■ **EXERCISE INSTRUCTIONS**
The expected answer is the set of lines in the data below between the line holding "Alex Guarnaschelli with cookbook" and the line holding "additional living space", inclusive, written out exactly.

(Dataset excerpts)

******************************

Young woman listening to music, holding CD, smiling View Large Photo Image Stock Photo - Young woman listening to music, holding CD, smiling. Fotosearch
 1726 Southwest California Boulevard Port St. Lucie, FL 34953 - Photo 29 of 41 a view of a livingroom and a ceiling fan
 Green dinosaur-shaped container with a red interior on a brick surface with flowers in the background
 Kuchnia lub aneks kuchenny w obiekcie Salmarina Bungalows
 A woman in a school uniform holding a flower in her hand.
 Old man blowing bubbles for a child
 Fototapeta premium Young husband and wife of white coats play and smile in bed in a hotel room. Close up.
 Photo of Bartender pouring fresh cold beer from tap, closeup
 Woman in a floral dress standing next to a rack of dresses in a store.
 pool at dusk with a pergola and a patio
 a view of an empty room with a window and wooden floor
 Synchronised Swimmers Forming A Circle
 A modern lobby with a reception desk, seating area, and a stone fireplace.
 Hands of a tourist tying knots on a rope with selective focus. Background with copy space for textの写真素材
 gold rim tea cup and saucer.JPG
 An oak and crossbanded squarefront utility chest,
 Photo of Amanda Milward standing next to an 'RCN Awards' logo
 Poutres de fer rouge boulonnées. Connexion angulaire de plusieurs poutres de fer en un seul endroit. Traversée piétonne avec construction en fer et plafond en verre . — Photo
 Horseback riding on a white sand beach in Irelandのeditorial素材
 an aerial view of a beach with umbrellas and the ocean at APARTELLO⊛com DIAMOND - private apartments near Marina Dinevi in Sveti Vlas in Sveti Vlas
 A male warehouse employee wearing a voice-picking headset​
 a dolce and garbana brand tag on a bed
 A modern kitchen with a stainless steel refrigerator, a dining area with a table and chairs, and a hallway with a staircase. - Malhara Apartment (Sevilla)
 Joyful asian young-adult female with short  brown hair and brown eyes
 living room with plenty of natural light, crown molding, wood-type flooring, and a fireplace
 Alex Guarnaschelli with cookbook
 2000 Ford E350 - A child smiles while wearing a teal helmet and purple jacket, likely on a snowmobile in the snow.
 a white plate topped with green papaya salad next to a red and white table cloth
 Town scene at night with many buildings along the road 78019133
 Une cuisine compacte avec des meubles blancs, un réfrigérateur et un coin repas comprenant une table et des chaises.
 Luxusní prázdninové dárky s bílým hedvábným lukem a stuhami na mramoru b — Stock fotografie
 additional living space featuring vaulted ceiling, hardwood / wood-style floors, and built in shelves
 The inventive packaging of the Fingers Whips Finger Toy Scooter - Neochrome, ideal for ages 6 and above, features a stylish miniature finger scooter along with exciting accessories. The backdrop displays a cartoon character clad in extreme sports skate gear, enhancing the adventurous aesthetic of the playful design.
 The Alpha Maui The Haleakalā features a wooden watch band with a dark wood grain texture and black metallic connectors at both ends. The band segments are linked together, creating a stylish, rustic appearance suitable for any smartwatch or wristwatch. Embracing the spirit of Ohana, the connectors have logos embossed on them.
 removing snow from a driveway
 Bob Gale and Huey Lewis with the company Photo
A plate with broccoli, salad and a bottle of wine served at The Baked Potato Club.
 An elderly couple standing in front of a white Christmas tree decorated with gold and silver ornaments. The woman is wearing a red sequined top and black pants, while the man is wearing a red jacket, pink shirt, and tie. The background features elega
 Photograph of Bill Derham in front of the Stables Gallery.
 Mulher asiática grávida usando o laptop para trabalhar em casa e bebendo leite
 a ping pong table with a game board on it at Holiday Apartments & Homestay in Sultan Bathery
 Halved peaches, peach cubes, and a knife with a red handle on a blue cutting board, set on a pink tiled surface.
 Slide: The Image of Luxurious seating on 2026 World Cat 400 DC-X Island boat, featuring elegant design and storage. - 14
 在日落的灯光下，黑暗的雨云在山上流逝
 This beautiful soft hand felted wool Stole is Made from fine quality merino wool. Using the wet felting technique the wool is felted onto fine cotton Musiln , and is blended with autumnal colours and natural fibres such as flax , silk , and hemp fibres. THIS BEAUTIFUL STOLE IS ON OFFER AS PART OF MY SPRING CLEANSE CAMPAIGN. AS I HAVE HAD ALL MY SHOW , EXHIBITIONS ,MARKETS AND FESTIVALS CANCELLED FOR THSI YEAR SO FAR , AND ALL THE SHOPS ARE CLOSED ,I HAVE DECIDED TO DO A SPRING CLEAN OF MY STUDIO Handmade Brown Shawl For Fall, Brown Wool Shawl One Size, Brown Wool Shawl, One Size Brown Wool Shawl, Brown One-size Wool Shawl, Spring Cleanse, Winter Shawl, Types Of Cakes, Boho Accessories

******************************

■ **OUTPUT BELOW**
 Alex Guarnaschelli with cookbook
 2000 Ford E350 - A child smiles while wearing a teal helmet and purple jacket, likely on a snowmobile in the snow.
 a white plate topped with green papaya salad next to a red and white table cloth
 Town scene at night with many buildings along the road 78019133
 Une cuisine compacte avec des meubles blancs, un réfrigérateur et un coin repas comprenant une table et des chaises.
 Luxusní prázdninové dárky s bílým hedvábným lukem a stuhami na mramoru b — Stock fotografie
 additional living space featuring vaulted ceiling, hardwood / wood-style floors, and built in shelves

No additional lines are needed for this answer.